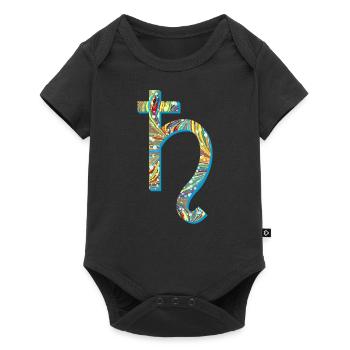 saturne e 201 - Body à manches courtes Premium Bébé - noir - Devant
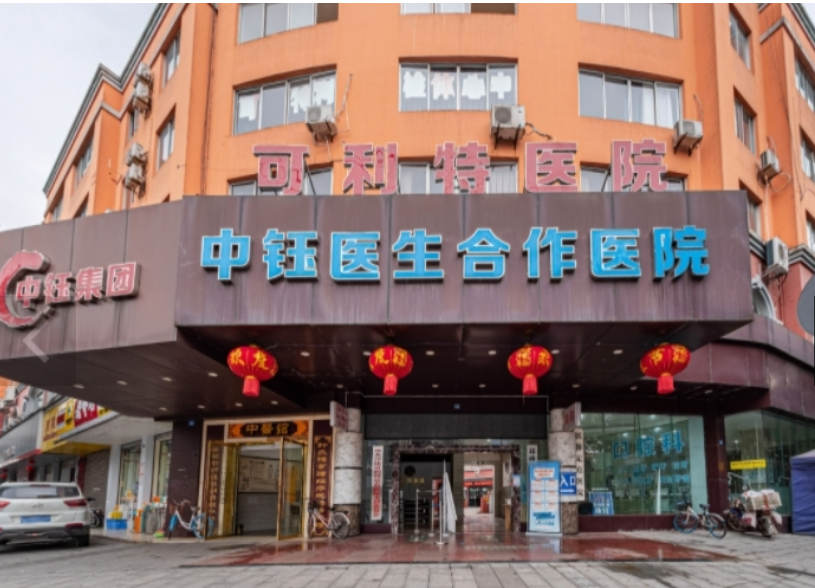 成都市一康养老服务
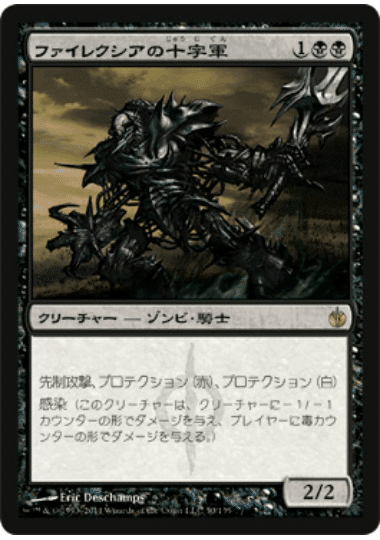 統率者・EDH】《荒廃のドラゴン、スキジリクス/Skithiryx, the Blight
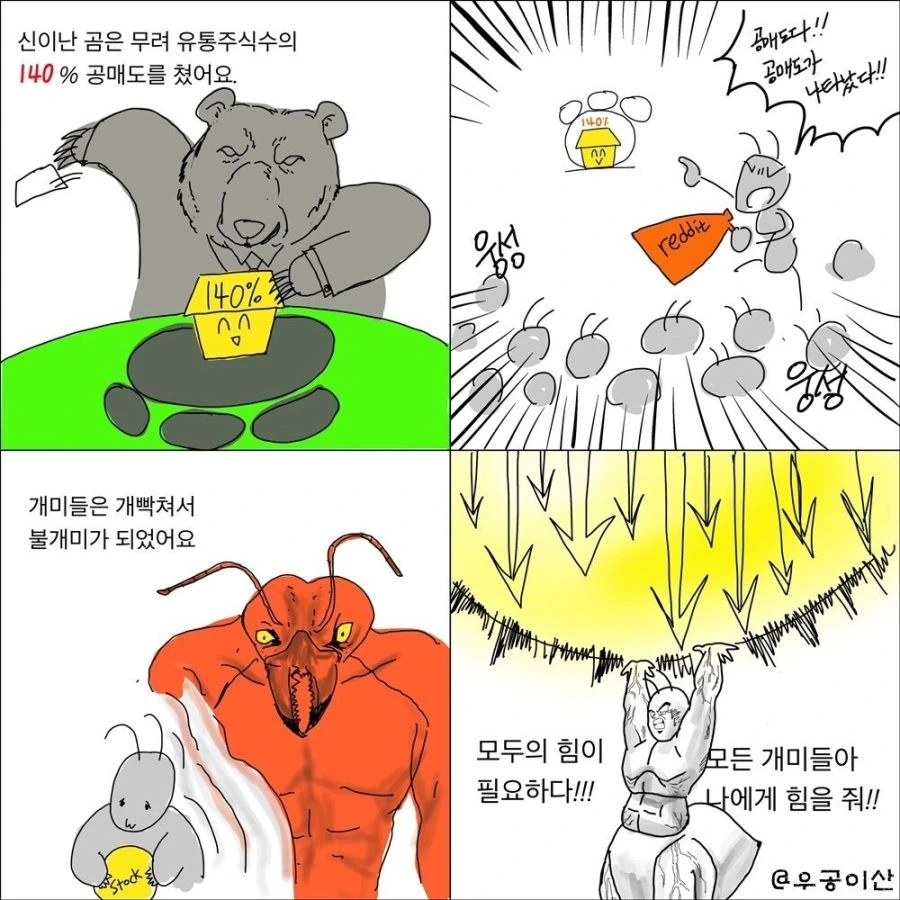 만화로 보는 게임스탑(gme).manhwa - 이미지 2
______________________________
TASK => Give back the whole listing exactly as it stands. No pictures belong in the copy.

EXERCISE OUTPUT =>
 saturne e 201 - Body à manches courtes Premium Bébé - noir - Devant
 成都市一康养老服务
 統率者・EDH】《荒廃のドラゴン、スキジリクス/Skithiryx, the Blight
 만화로 보는 게임스탑(gme).manhwa - 이미지 2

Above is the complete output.